665 S.W.2d at 151. The court determined that the juvenile board performed administrative, and not judicial functions, and was therefore subject to the Open Records Act.
In Open Records Decision No. 572 (1990), this office determined that the Bexar County Personal Bond Program was a governmental body, subject to the Open Records Act, and not within the judicial exception, now found in section 2(1)(H). Nonetheless, it compiled the requested reports solely for judicial purposes. In preparing those reports it functioned as an arm of the judiciary and the reports were records of the judiciary which were not subject to the Open Records Act.
In the case before us, the receiver holds the records of the insurer because of the authority that flows from his appointment by the court. He possesses the records subject to the control and supervision of the court. Accordingly, the records of the insurer held by the receiver designated pursuant to article 21.28 of the Insurance Code are records of the judiciary, excepted from the Open Records Act by section 2(1)(H). See Open Records Decision Nos. 572, 513 (1988).
The receiver of an insurance company appointed pursuant to article 21.28 of the Insurance Code holds the books and records of the insurer for the court. The insurer's books and records are records of the judiciary, and are therefore excepted from the provisions of the Open Records Act by section 2(1)(H) of that statute.
Very truly yours,
Attorney General of Texas
First Assistant Attorney General
Deputy Assistant Attorney General
Special Assistant Attorney General
MADELEINE B. JOHNSON
Chair, Opinion Committee
Prepared by Susan L. Garrison
Assistant Attorney General
1. Section 3A(a) of article 21.28-A provides that information in the possession of the State Board of Insurance relating to the supervision or conservatorship of an insurance company is not confidential, except for information designated confidential by the commissioner for a limited time. However, this section does not apply to information "on the appointment of a receiver for the insurance company by a court of competent jurisdiction." Ins. Code art. 21.28-A, § 3A. Thus, section 3A of article 21.28-A is not relevant to the question before us.

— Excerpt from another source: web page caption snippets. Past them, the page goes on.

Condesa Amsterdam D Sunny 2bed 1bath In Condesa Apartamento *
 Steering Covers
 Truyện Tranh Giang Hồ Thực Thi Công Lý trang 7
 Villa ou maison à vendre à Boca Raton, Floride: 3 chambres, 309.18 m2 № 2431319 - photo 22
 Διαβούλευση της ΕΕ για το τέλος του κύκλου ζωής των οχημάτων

2. A prior decision of this office, Open Records Decision No. 528 (1989), concluded that in- formation about an insurance company in receivership held by the receiver was subject to the Open Records Act. This decision was subsequently withdrawn by Attorney General Jim Mattox in his letter of September 11, 1990 to Commissioner of Insurance A.W. Pogue closing the file on RQ-2012.
3. Amendments to article 21.28 of the Insurance Code adopted in 1991 became effective January 1, 1992. Acts 1991, 72d Leg., 2d C.S., ch. 12, § 1.02. The insurance company whose records are under consideration in this decision was placed in receivership before these amendments were adopted, and the receiver was appointed under a prior version of article 21.28, section 2(a). Since our answer will be the same under either version of the statute, we will address the version that is currently in effect.
4. Section 2(a) of article 21.28 formerly provided that the liquidator designated by the State Board of Insurance should become the receiver. Acts 1987, 70th Leg., ch. 1073, § 33, at 3644. The 1991 amendments to article 21.28 abolished the separate position of liquidator. Ins. Code art. 21.28, § 1(d). These amendments also authorized the commissioner to contract with a private individual or entity to act as special deputy receiver. Ins. Code art. 21.28, §§ 1(d), (g); 12.
5. Certain provisions of article 21.28 require the receiver to file information with the Department of Insurance. See Ins. Code art. 21.28, §§ 2(f) (inventories of insurer's assets to be filed in office of board and in office of clerk of the court), 12(c) (receiver shall file reports about operation and condition of insurers with the board upon its request).